The control station of the future will collect tens or hundreds of video streams, audio streams, discrete time-varying data such as market trades, and continuously updated situational estimates from analysis subsystems. The control station will also manage and search large databases of historical data to support the decision-maker. The challenge in designing such a system is not how many gigaflops it can sustain but how many gigabytes per second it can move between its applications and I/O ports.

Predictable latency

The success of the decision-maker depends critically on his or her response time to situational changes. Therefore the control station must provide predictable latency between the arrival of data on an input port and its display to the decision-maker in whatever analyzed form he or she has requested. Similarly the implementation and communication of the decision-maker's actions out of the system must meet stringent latency goals. This is a significantly different design requirement from that of scientific and interactive applications, in which the system must compute a fixed result in the best possible time. For a control station, the system must compute the best possible result in a fixed amount of time. Therefore the system's performance must be predictable and the load in all hardware and software subsystems must be monitored and exposed to allow the operating system and applications to respond appropriately.

Flexibility

It is important to be able to rapidly change the information processing and automated support provided by a control station. This is true both on short time scales, for example selecting a different mode in the middle of a crisis situation, and on longer time scales, where new capabilities must be added that were not anticipated when the system was built. Unfortunately current control stations are extremely inflexible, because the only way that current system architectures can support the massive bandwidth requirements of a control station is to provide independent paths through the system hardware and software for different data streams, with each path enhanced by custom signal processing hardware and hand-coded software modules to reduce and control latency. Future control stations will require flexibility approaching that of current general-purpose systems despite massive bandwidth and predictable latency requirements.

Summary

Although the requirements to support massive bandwidth, predictable latency, and flexibility are particularly stringent for control stations, similar requirements will occur in a wide class of applications. The expected heavy use of video streams in future applications will create much higher bandwidth demands than present general-purpose systems are optimized to support, while the increasing importance of the Internet stresses the ability of servers to provide low-latency response under high load. In other words, the class of applications that are considered to be general-purpose applications will soon include most of the features of control stations. Therefore mechanisms and approaches developed to improve control stations will have benefits for a broad range of future systems.

Research Challenges

The control station is sufficiently different from current general-purpose applications that it creates the need for innovation at all levels of computer system design.

Hardware architecture

The control station is a data-centric rather than a computation-centric application. To be optimal for this application, the hardware architecture should attempt to maximize utilization of interconnect bandwidth rather than processor cycles. This suggests a general design principle in which processing is moved out into the data stream.

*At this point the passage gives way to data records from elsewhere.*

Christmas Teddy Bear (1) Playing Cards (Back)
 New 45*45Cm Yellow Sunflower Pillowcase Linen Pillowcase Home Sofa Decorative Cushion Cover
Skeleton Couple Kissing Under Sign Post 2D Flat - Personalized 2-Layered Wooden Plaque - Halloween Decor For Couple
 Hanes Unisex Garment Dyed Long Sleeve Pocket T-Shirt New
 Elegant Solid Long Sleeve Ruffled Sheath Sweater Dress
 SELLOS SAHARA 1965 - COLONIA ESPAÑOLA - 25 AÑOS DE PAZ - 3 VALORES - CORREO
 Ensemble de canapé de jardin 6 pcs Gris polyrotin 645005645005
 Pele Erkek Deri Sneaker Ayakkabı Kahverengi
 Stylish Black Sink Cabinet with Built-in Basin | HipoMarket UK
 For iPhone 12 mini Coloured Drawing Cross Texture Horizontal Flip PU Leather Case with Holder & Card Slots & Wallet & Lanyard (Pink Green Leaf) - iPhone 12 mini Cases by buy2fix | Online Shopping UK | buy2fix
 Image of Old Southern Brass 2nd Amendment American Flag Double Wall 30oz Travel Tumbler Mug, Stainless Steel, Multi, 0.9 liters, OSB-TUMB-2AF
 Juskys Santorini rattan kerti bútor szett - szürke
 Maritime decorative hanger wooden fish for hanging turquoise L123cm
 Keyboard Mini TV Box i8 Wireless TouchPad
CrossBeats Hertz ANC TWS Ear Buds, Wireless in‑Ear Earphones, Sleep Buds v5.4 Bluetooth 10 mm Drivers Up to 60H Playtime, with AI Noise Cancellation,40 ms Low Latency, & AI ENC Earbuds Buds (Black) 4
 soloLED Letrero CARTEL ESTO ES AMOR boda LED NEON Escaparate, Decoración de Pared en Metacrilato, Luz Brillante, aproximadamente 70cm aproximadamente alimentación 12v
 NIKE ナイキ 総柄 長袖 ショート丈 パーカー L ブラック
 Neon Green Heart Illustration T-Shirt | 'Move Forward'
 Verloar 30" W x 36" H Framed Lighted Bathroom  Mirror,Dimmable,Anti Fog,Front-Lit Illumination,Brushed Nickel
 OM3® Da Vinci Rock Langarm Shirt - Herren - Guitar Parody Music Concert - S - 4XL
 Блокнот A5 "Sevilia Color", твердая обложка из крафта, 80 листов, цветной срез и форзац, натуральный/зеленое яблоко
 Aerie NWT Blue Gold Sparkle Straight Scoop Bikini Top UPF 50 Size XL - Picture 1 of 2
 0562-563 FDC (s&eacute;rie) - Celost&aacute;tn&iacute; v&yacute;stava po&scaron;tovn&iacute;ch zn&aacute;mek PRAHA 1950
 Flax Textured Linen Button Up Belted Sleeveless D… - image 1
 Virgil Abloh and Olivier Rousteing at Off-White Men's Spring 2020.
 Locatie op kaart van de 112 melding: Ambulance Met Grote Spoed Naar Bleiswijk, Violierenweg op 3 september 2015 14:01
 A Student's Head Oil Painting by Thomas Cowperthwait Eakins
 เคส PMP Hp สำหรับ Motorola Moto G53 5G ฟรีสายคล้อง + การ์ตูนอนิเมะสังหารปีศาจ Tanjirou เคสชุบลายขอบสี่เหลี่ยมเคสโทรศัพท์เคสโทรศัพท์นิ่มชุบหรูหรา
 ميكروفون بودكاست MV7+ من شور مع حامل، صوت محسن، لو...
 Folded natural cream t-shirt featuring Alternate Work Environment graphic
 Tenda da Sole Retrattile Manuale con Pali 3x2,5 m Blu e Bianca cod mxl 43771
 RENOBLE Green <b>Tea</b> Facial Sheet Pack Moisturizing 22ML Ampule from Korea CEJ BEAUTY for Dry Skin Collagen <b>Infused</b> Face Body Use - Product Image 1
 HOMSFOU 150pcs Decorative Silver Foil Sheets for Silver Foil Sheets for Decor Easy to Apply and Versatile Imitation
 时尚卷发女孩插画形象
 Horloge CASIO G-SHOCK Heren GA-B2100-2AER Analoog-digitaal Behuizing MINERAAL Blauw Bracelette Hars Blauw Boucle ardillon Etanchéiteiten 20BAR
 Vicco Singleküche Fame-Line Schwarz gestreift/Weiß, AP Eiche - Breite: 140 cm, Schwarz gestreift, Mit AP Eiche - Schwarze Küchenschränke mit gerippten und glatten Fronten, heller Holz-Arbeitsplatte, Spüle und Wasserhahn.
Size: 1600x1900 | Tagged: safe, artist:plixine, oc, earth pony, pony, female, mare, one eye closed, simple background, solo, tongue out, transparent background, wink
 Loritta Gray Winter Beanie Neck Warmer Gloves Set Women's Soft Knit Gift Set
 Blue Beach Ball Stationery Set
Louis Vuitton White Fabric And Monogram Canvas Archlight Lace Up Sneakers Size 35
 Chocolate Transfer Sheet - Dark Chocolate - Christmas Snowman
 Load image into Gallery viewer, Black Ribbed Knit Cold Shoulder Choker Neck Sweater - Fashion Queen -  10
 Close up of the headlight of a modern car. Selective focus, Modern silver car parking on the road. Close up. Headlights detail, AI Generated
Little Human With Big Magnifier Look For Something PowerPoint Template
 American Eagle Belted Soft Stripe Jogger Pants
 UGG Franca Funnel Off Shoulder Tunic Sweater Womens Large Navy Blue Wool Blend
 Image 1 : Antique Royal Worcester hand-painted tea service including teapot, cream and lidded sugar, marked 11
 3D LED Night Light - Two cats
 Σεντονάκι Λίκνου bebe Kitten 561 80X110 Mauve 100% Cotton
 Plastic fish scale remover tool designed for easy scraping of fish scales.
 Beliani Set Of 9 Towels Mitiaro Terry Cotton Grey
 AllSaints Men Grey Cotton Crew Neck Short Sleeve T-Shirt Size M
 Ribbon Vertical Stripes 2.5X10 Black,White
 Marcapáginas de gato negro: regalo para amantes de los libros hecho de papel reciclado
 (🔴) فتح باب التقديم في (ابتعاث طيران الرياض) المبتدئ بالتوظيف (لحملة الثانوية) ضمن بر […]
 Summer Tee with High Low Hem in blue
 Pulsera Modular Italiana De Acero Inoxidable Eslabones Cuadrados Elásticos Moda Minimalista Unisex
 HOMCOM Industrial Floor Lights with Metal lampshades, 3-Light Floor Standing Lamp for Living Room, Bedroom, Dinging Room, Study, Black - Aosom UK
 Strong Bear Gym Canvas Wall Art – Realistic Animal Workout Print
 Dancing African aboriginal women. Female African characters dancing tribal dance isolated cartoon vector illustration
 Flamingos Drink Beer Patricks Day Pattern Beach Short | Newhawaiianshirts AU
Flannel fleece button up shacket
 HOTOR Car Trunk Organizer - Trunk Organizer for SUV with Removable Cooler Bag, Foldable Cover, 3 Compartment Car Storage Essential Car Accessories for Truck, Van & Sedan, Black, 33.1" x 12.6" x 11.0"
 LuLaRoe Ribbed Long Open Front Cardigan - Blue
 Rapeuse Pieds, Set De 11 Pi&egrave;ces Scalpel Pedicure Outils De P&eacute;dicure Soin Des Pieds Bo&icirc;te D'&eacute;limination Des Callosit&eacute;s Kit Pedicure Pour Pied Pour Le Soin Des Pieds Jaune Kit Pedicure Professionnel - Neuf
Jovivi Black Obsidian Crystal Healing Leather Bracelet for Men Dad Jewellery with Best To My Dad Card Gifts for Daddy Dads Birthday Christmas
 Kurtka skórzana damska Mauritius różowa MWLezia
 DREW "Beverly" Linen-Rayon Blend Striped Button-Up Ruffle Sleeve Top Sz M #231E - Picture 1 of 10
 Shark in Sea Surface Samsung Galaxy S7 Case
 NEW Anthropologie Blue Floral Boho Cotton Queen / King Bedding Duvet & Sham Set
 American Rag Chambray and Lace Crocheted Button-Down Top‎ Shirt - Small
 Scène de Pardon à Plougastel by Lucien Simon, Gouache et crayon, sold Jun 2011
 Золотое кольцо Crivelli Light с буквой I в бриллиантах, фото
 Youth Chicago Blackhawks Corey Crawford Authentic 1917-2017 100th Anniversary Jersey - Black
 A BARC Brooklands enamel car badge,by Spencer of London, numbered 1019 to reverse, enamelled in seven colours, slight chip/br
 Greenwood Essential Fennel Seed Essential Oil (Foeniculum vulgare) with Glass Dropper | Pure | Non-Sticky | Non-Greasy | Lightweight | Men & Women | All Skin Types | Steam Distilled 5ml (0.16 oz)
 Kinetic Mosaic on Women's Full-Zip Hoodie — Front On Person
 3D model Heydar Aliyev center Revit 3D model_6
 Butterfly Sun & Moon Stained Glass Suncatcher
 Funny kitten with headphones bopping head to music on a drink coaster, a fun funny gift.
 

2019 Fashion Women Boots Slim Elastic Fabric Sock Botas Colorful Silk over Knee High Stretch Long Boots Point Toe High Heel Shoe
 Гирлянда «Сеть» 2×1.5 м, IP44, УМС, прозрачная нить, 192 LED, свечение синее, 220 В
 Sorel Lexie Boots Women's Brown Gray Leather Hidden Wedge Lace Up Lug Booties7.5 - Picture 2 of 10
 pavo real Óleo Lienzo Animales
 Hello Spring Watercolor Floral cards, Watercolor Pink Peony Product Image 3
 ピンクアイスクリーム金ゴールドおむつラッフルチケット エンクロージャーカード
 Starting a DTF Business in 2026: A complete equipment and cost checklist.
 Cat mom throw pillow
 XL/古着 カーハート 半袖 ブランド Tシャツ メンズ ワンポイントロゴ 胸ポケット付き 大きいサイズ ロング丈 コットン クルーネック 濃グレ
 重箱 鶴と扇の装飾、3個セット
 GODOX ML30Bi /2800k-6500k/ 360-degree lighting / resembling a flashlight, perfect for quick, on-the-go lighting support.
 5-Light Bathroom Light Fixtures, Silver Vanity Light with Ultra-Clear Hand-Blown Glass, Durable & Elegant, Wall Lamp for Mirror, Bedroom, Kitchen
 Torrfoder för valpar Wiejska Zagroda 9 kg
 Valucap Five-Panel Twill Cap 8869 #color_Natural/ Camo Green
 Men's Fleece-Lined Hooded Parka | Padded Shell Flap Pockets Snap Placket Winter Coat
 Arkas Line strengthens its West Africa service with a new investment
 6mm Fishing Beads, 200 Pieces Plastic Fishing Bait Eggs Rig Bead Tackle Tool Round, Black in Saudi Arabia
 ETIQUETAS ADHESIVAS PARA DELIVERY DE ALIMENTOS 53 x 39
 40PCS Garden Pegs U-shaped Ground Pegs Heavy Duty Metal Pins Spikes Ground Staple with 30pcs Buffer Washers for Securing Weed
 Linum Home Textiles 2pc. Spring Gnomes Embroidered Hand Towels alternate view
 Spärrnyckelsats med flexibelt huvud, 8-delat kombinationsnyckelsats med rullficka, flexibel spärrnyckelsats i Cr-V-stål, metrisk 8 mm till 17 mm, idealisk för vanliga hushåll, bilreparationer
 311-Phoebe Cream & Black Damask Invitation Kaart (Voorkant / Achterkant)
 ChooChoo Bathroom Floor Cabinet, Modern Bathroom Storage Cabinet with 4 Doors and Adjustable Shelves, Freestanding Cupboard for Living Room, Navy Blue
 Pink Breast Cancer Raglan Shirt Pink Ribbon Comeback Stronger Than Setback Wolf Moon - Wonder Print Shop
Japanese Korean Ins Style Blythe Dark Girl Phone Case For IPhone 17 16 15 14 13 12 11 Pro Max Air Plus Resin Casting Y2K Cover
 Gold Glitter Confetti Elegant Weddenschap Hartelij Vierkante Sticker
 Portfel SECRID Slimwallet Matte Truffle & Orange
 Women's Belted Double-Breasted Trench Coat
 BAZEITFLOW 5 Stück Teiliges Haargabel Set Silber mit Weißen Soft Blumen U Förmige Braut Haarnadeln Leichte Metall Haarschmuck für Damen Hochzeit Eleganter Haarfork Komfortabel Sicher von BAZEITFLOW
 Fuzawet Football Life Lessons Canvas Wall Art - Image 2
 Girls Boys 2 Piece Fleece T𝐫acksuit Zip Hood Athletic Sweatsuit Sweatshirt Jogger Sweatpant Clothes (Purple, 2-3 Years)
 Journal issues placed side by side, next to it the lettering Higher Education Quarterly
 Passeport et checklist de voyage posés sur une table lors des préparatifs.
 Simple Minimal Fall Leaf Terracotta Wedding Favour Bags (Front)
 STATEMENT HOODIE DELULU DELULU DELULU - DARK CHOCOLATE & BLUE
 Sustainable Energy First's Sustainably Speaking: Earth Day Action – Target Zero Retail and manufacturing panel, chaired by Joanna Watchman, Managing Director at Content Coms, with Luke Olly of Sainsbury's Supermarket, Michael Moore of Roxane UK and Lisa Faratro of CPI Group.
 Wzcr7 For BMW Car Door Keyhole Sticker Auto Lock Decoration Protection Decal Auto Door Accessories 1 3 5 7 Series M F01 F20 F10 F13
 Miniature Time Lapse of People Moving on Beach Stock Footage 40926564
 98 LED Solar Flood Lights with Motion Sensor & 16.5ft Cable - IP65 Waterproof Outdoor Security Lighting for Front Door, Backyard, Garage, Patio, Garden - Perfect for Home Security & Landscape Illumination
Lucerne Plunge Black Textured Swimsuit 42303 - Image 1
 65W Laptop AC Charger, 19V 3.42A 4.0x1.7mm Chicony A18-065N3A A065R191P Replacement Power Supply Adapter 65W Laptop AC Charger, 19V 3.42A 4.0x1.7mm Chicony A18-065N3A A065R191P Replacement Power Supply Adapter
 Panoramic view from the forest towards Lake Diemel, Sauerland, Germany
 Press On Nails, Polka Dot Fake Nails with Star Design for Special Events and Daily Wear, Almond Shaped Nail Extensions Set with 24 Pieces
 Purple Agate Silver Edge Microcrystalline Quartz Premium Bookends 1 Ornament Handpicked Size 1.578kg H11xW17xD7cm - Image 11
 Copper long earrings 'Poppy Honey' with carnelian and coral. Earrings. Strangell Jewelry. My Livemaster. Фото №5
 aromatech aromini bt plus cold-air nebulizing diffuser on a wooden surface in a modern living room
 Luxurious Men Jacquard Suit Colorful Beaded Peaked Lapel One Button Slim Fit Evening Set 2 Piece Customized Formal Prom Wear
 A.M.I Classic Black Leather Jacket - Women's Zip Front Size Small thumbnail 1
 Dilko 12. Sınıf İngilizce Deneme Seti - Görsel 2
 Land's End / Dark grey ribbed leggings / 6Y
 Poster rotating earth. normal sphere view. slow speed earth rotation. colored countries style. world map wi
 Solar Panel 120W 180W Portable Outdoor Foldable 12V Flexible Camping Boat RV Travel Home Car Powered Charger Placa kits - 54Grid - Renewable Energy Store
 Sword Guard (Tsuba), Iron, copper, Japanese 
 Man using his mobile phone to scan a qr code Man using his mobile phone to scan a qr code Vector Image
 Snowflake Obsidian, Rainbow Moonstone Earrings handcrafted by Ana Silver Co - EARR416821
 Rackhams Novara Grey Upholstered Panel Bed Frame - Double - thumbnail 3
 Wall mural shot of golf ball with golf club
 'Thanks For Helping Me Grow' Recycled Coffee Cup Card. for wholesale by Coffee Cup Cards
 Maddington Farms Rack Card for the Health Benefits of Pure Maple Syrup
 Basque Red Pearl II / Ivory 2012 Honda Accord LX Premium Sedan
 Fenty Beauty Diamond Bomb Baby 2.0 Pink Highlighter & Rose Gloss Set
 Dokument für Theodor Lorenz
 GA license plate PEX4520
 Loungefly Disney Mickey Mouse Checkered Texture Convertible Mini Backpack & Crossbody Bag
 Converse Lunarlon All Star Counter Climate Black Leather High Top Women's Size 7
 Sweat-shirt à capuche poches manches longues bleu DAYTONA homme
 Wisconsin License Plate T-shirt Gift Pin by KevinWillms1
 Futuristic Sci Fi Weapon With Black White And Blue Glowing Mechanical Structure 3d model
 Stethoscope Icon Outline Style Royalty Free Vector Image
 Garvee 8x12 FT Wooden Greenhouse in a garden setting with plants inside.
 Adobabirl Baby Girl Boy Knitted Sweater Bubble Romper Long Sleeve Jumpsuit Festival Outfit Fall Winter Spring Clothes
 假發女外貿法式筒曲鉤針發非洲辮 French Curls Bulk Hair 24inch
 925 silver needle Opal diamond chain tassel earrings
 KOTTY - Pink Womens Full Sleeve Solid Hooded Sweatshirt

There are many ways to realize this general principle. Staying close to current hardware designs, the machine might support application- specific computation in I/O controllers, cache coherence controllers, memory controllers, or the memory chips themselves. The challenge compared to previous efforts in this direction is to regularize these highly heterogeneous execution environments so they are easier to program and so applications can be made portable, and to virtualize the underlying hardware resources so they can be safely shared by multiple applications. Given the high bandwidth requirements of a control station, it may also be appropriate to provide reconfigurable logic in some of these locations to supplement the embedded processors that are generally slower than the system's main processors.

More radical data-centric hardware architectures could scatter multiple processors across a point-to-point interconnect and do computation wherever data flows happen to intersect or require transformation. Compared to previous work in this direction such as systolic arrays, the novel challenge is to achieve the flexibility required by a control station.

Both more standard and more radical architectures need to expose their dynamic behavior to software better than current architectures do. The flexibility requirement of the control station prevents fully static allocation of hardware resources, so hardware bottlenecks may develop at run time. These loads must be visible to software so immediate corrective action can be taken to avoid violating latency requirements.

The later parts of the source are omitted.